***** Data provided
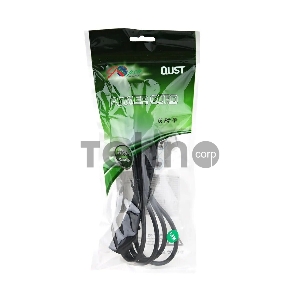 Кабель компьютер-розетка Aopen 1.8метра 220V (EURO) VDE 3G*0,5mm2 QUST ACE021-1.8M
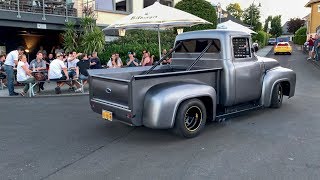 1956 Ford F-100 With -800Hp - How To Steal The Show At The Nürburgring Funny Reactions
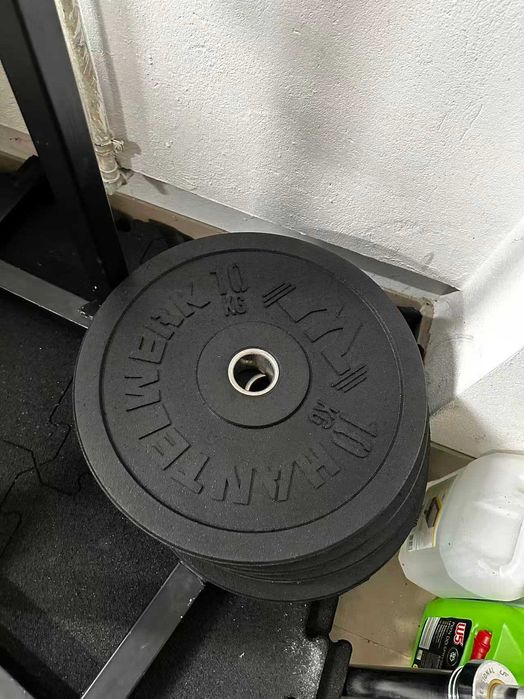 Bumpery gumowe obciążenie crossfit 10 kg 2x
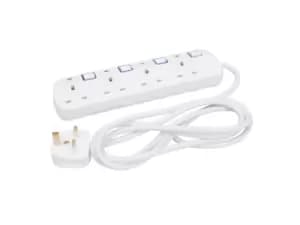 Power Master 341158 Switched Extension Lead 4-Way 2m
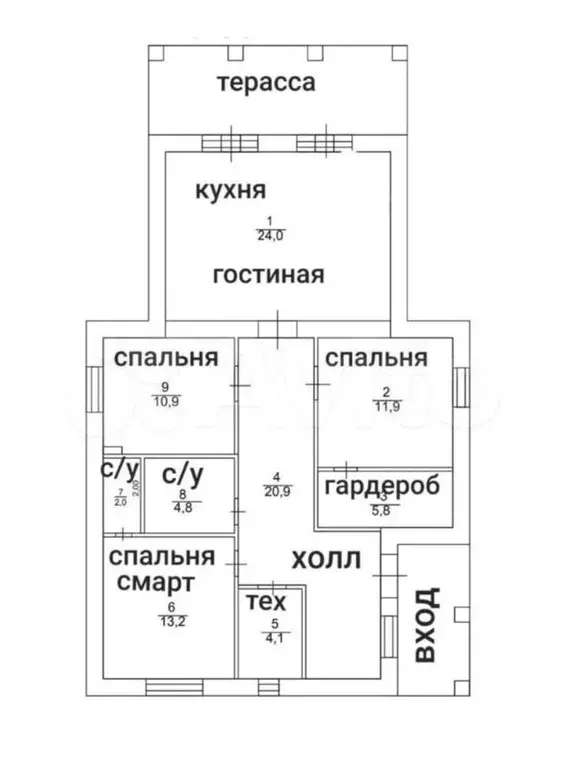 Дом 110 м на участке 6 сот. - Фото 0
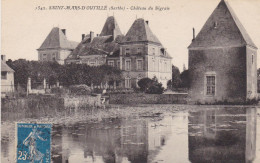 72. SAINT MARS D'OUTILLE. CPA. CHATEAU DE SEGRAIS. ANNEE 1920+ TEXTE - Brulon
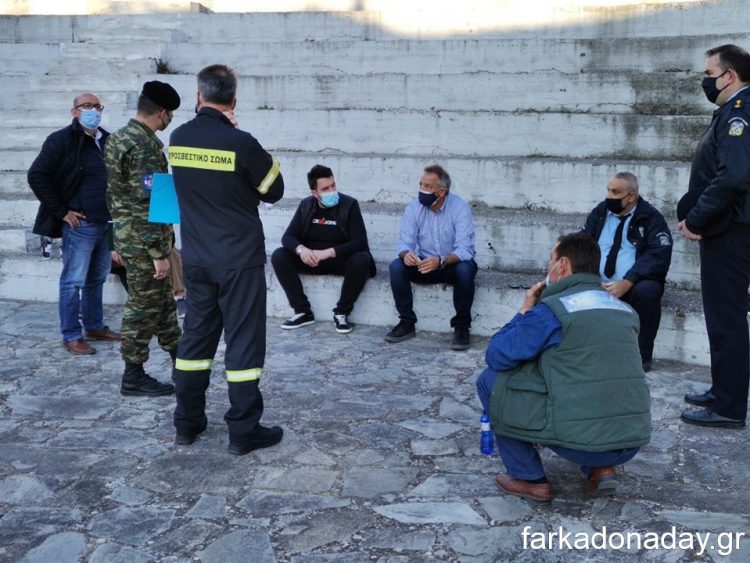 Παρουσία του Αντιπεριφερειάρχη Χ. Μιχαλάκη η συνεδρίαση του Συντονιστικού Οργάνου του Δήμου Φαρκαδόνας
**********
» **Task to complete**
From the material above, write out exactly the lines from the line with "Bumpery gumowe obciążenie crossfit 10 kg 2x" through the closing line, inclusive, and no pictures.

» **The completed task**
 Bumpery gumowe obciążenie crossfit 10 kg 2x
 Power Master 341158 Switched Extension Lead 4-Way 2m
 Дом 110 м на участке 6 сот. - Фото 0
 72. SAINT MARS D'OUTILLE. CPA. CHATEAU DE SEGRAIS. ANNEE 1920+ TEXTE - Brulon
 Παρουσία του Αντιπεριφερειάρχη Χ. Μιχαλάκη η συνεδρίαση του Συντονιστικού Οργάνου του Δήμου Φαρκαδόνας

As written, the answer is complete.